WHAT IS AN IMPROVEMENT OR BETTERMENT?
Improvements and Betterments are defined in the ISO coverage forms as “fixtures, alterations, installations or additions made to part of the building or structure you occupy but do not own; and you acquired or made at your expense but cannot legally remove.” Since the improvements are permanent repairs to the building, the lessee is insuring their use interest in the improvement or betterment.
WHAT THE COVERAGE IS:
The improvements and betterments coverage exists as part of the Business Personal Property coverage limit in the Building and Personal Property Coverage Form (CP 00 10) and the Business Owners Coverage Form (BP 00 03). Therefore, when insuring your business, be certain your insurance agent knows if you are planning to perform renovations to the property you are leasing. The renovations need to be insured properly under the correct coverage in the policy.
In order to make claim for improvements and betterments, it is necessary to show the insurer that the lessee installed the improvements at their own expense. The insurer may require proof of the work, i.e., paid invoices and cancelled checks.
PAYMENTS UNDER POLICY:
Under the Loss Payment section in the policy for Tenants’ improvements and betterments; payment calculation is as follows:
(a) Replacement cost if you make repairs promptly;
(b) A proportion of your original cost if you do not make repairs promptly. We will determine the proportionate value as follows:
(i) Multiply the original cost by the number of days from the loss or damage to the expiration of the lease; and
(ii) Divide the amount determined in (i) above by the number of days from the installation of improvements to the expiration of the lease.
If your lease contains a renewal option, the expiration of the renewal option period will replace the expiration of the lease in this procedure.
(c) Nothing if others pay for repairs or replacement
After a major loss, loss payment (b) is the most common payment option. Therefore, the tenant is only collecting on a pro-rata basis for the Improvements.
The wording in the lease typically speaks to who is responsible for the repair work after a casualty loss. Every lease is different, so the party responsible for performing the repairs should be spelled out in the lease. Just because your lease requires you to maintain the HVAC system does not require your insurer to pay for a new HVAC system if the system is damaged by a fire. The HVAC system must have been an improvement made by the tenant in order for coverage to apply or specifically called out to be insured by the lease. Providing your insurance agent your lease is extremely important. Your agent can understand your requirements and make sure you have the proper policy and limits of insurance.
Each business has unique features that may be considered trade fixtures as opposed to an Improvement or Betterment. For example, a business that sells books may have installed several shelving units to display the items for sale. Just because the shelves are affixed to the building, they are not necessarily an Improvement or Betterment; they could be a trade fixture. Trade fixtures are items that may be attached to the building but that the tenant is able to legally remove upon completion of the lease. It is important to differentiate a trade fixture from an Improvement or Betterment because the loss payment for the trade fixture can be at replacement cost while the Improvement or Betterment may be settled at a pro-rata payment.

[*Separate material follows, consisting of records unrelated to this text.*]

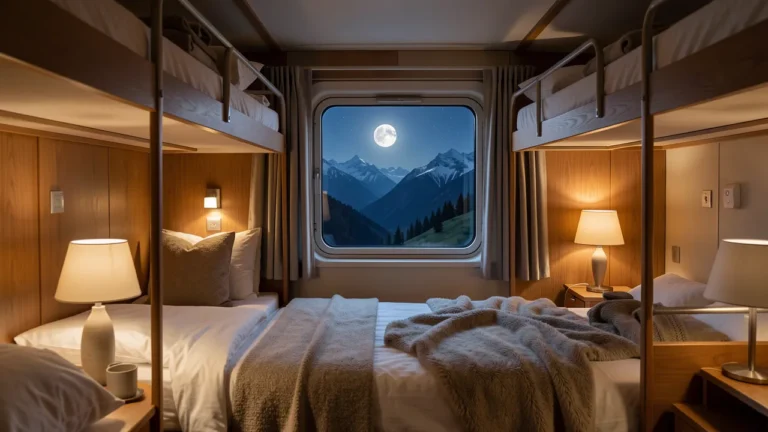 Voyager en train de nuit en Europe, destinations, budgets et sommeil à bord
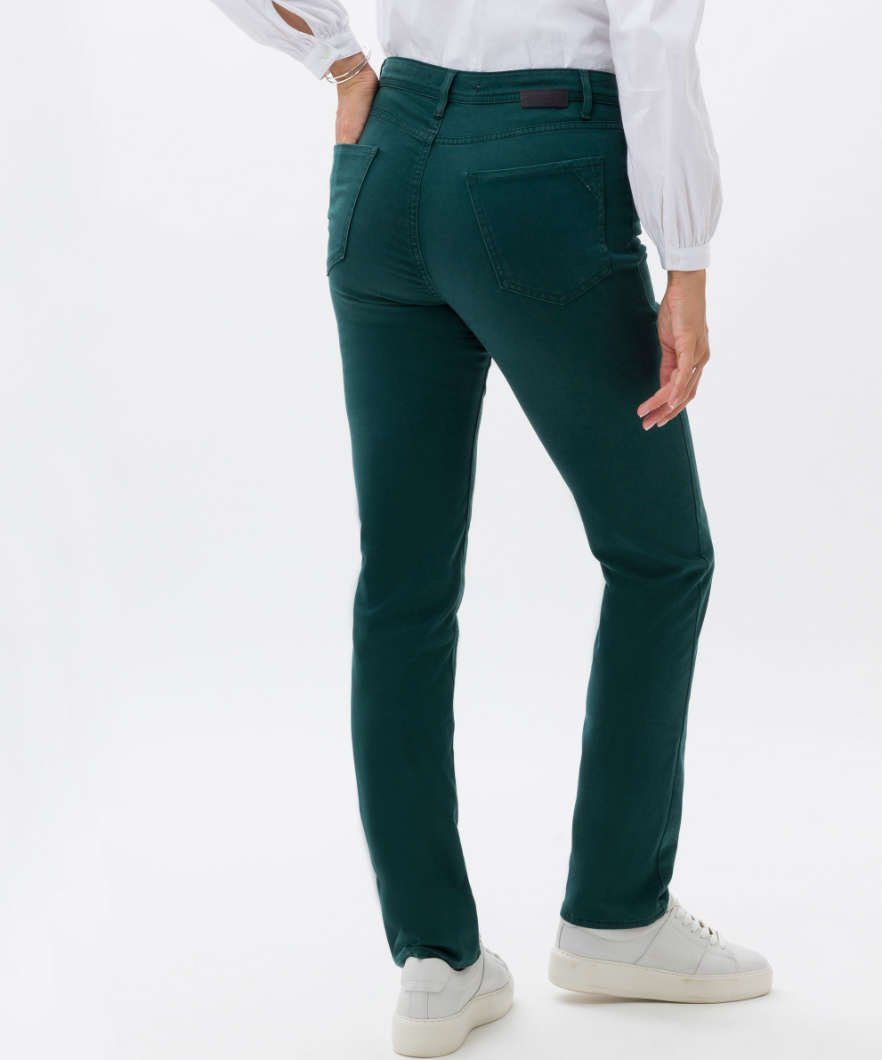 Style CAROLA dunkelgrün Brax 5-Pocket-Hose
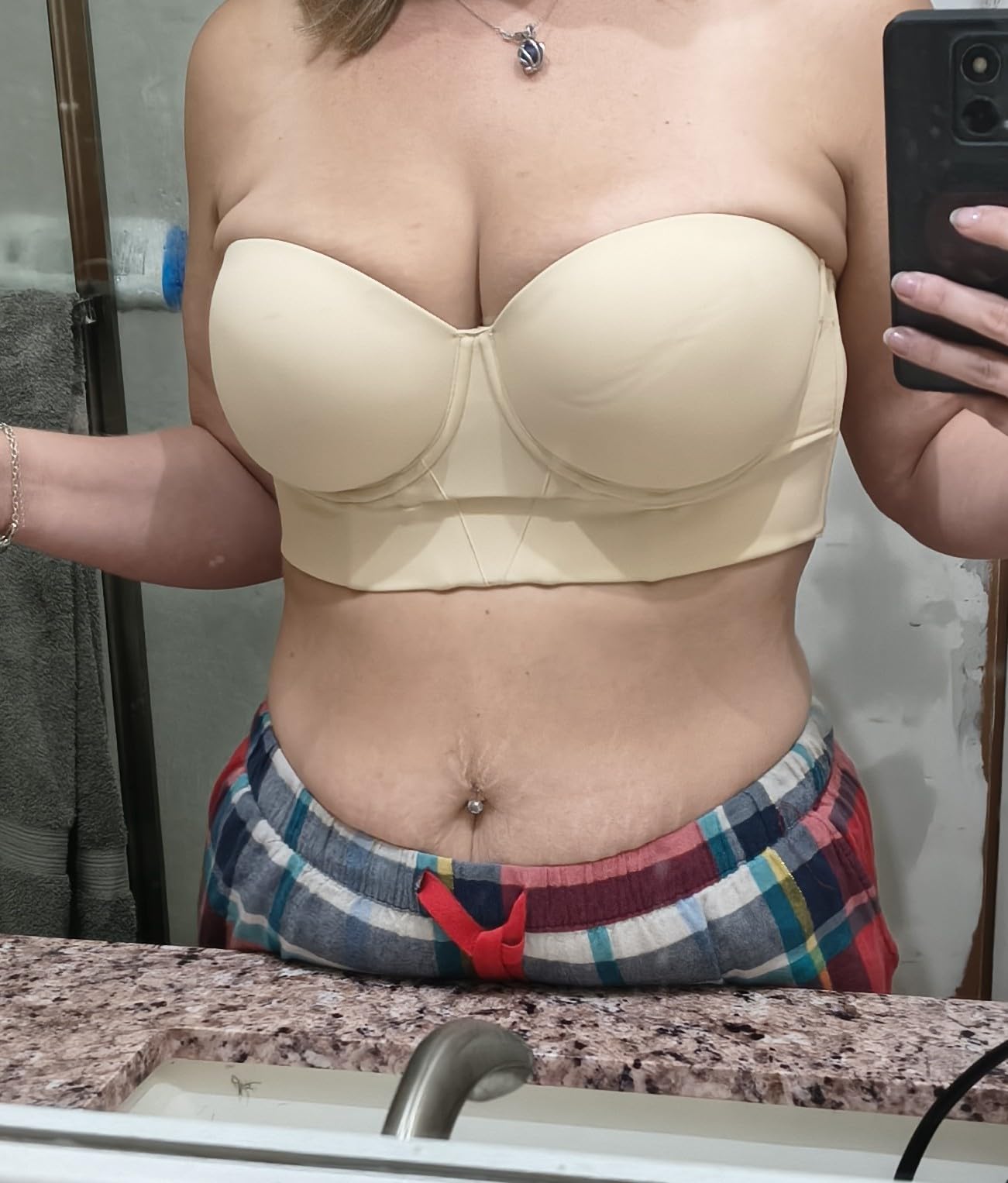HSIA Strapless Bra for Women Large Breasts, Plus Size Minimizer Longline customer photo 1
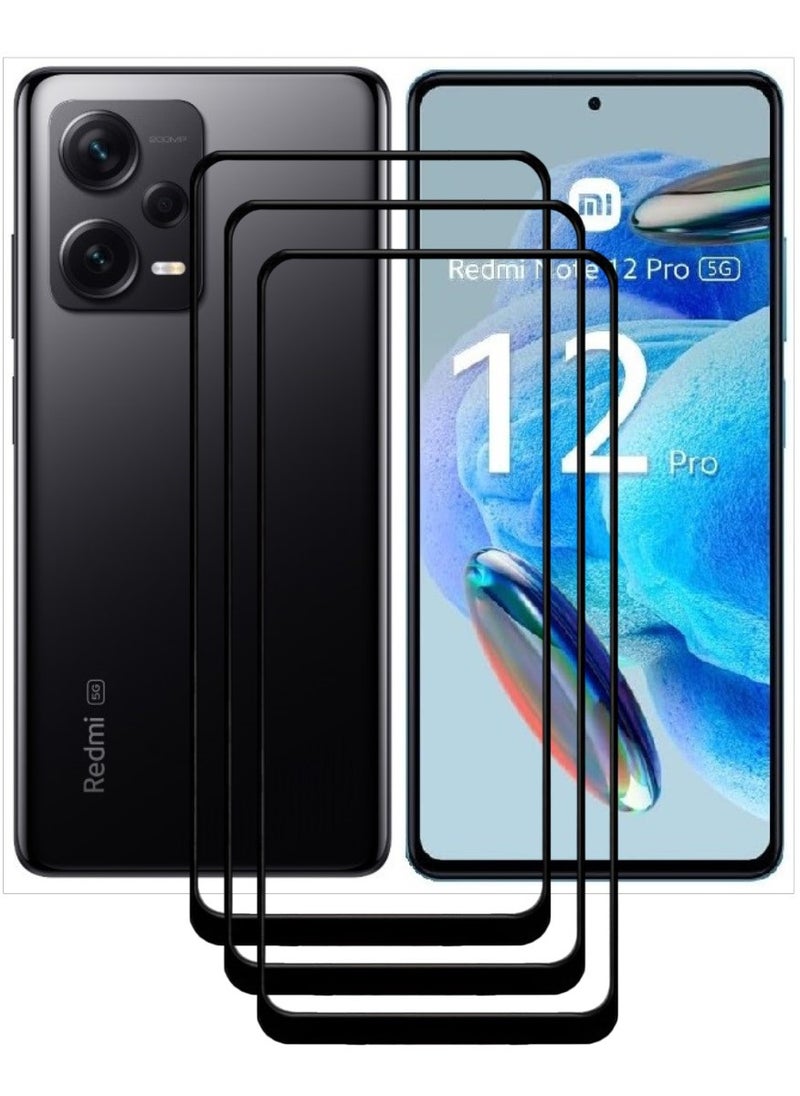 ACLIX 3 Pieces Antistatic ESD Dustproof Premium Quality High Definition Tempered Glass Screen Protector Designed For Xiaomi Redmi Note 12 Pro - Image 1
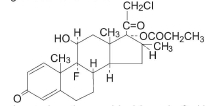 Structural Formula of Clobetasol Propionate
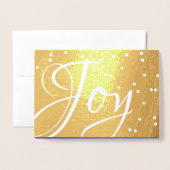 Joy. Weihnachtsurlaub Luxus Folienkarte (Vorderseite mit Umschlag)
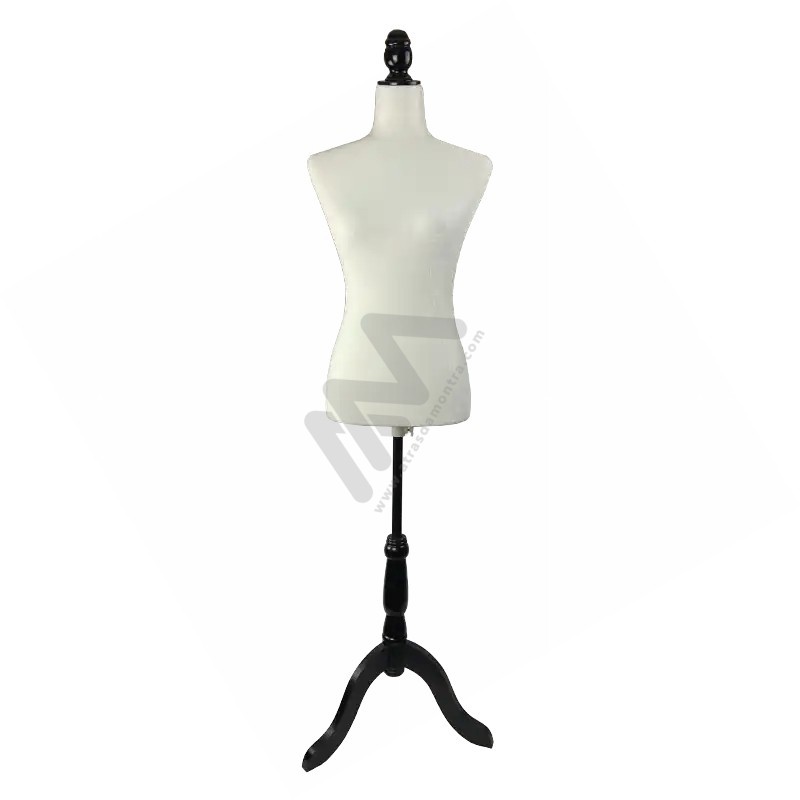 Busto Senhora Branco c/Base Tripé Atrás da Montra Busto Senhora Branco c/Base Tripé Atrás da Montra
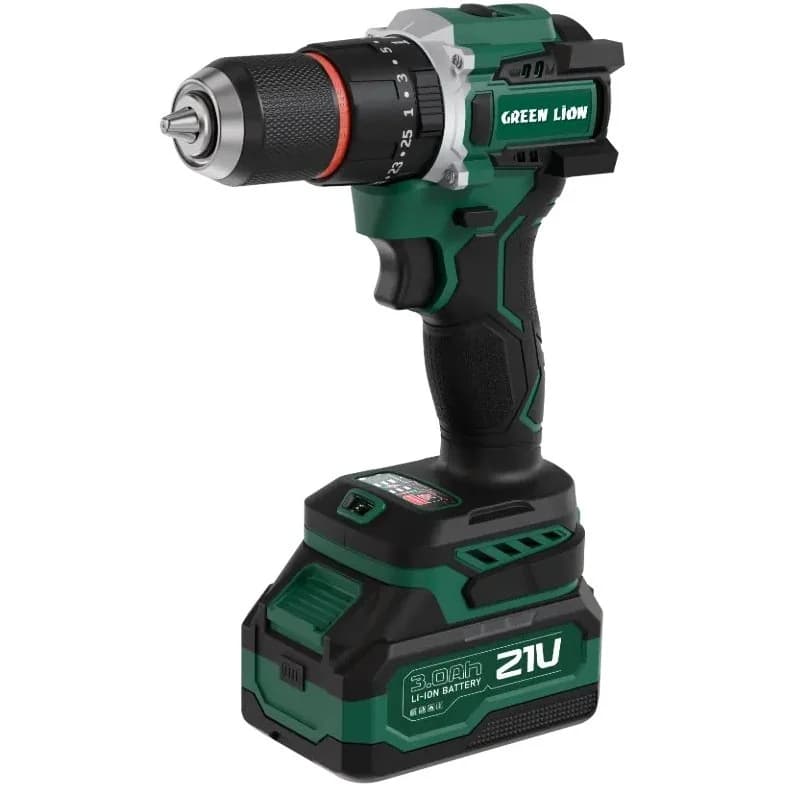 دریل چکشی شارژی گرین لاین مدل GD-15 Pro Drive GNGD15D18VGN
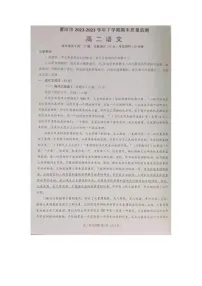 福建省莆田市2022-2023学年高二下学期期末质量监测语文试题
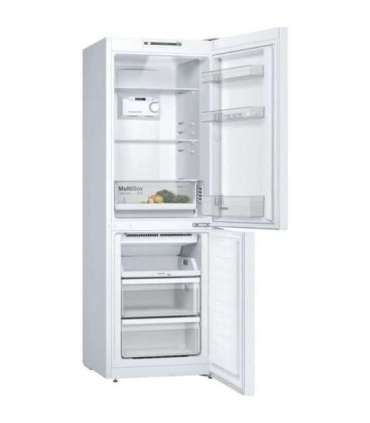 Bosch Serie 2 Refrigerator KGN33NWEB Energy efficiency class E Free standing Combi Height 176 cm No Frost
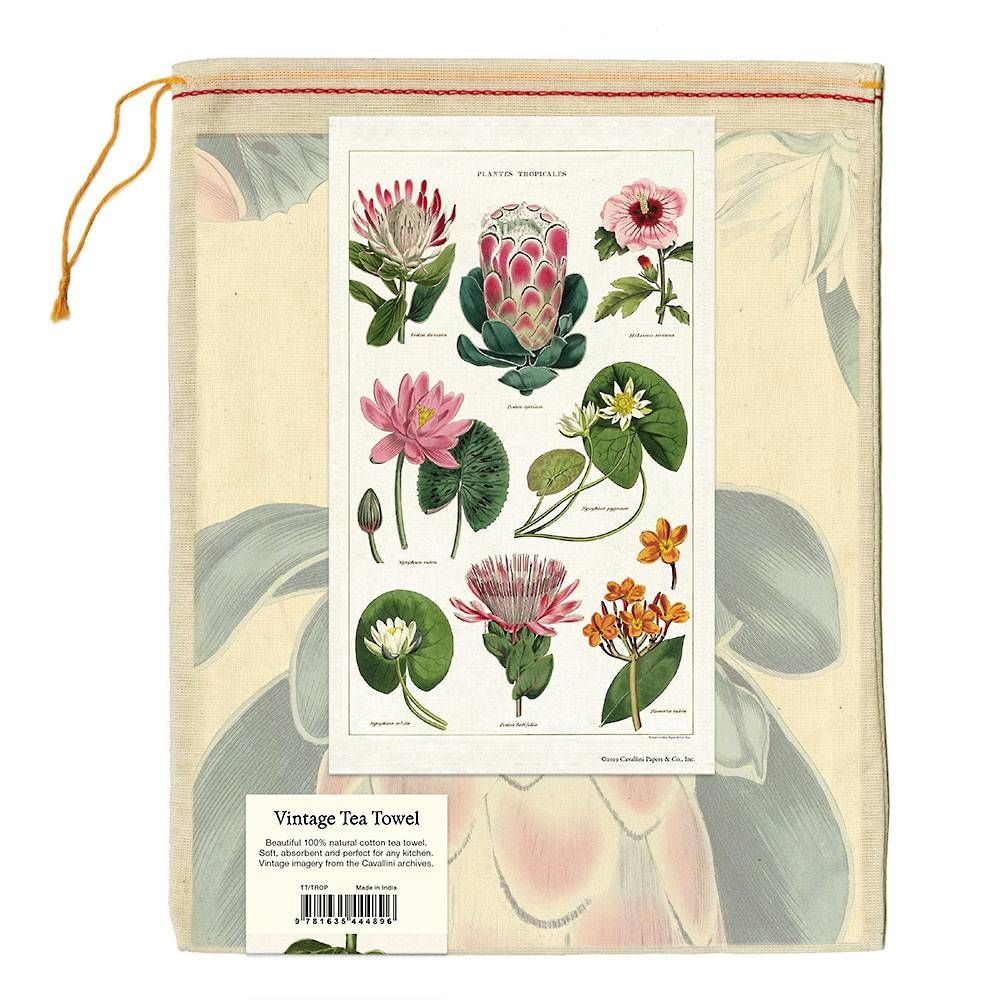 Tropical Plants Tea Towel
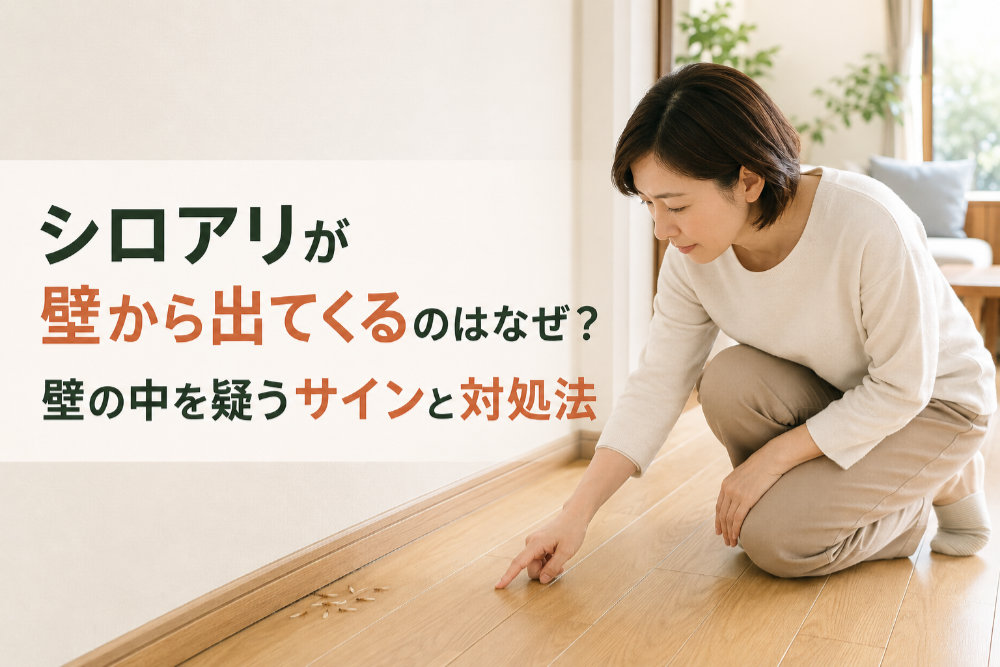 シロアリが壁から出てくるのはなぜ？壁の中を疑うサインと対処法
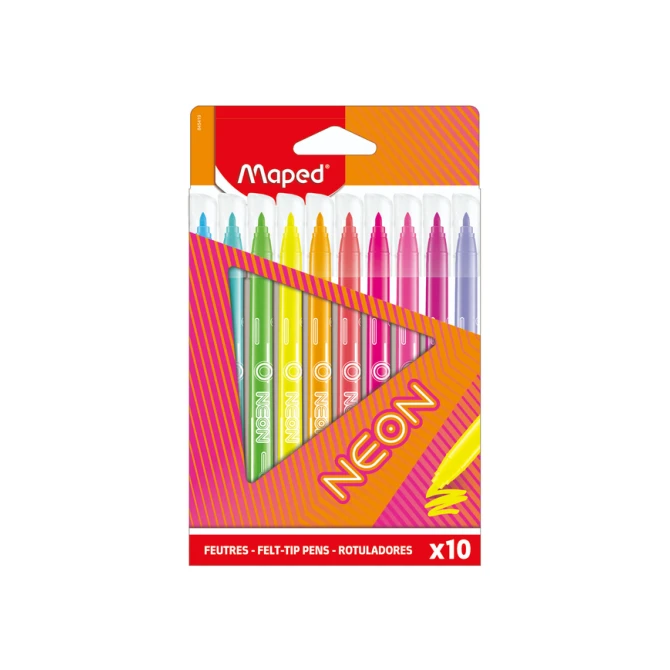 Viltstift Maped Neon set à 10 kleuren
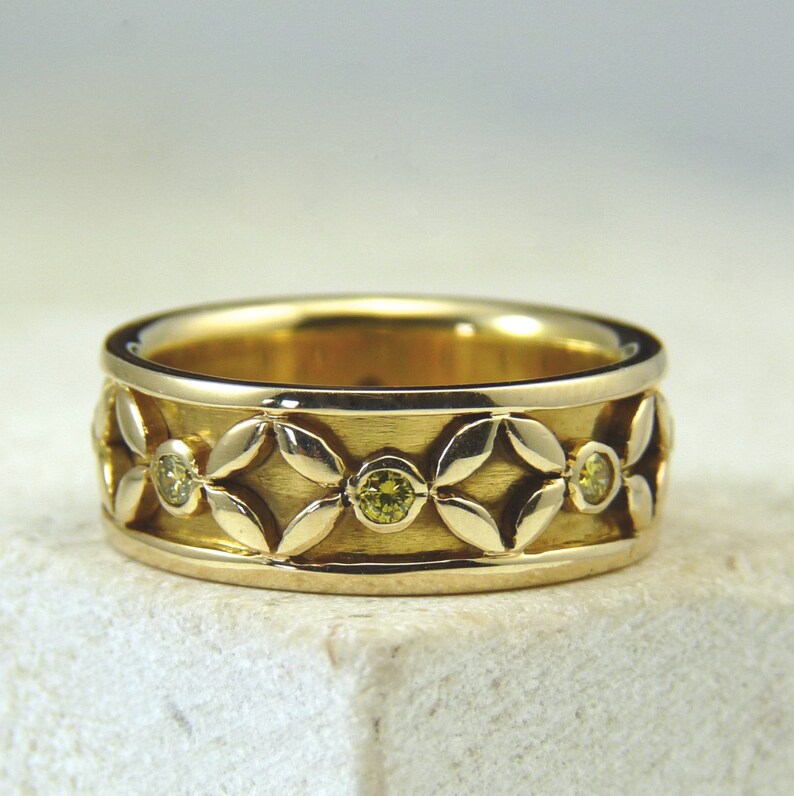 Yellow Diamond Eternity Band Yellow Diamond Eternity Ring - Etsy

Improvements and Betterments are difficult claims, and disputes often arise between the insured and the insurer. If possible, make certain the language in the lease is clear and concise in regards to specific coverage for the improvements made. Clearly list and attach to the lease improvements that you make at your own expense and provide that information to your agent or broker.
SMW handled a total loss to a building that was leased by a restaurant group. Under the terms of the lease, the tenant was not only required to insure their business personal property, but also the entire building. Fortunately, the tenant had the proper coverage, and the building and all of the Improvements were covered by the tenant’s insurer.
SMW handled a water loss for a tenant who built out the entire first floor of a commercial building that had apartments above. A pipe burst in one of the apartments and the commercial space was severely damaged. The commercial tenant had coverage under their Business Personal Property coverage but was grossly underinsured when it came to the costs of the buildout. The agent was not notified that the tenant paid for all of the improvements and betterments. Therefore, the limit of liability for the BPP coverage was only intended for the stock, furniture and fixtures of the tenant. The tenant was not able to rebuild after the loss.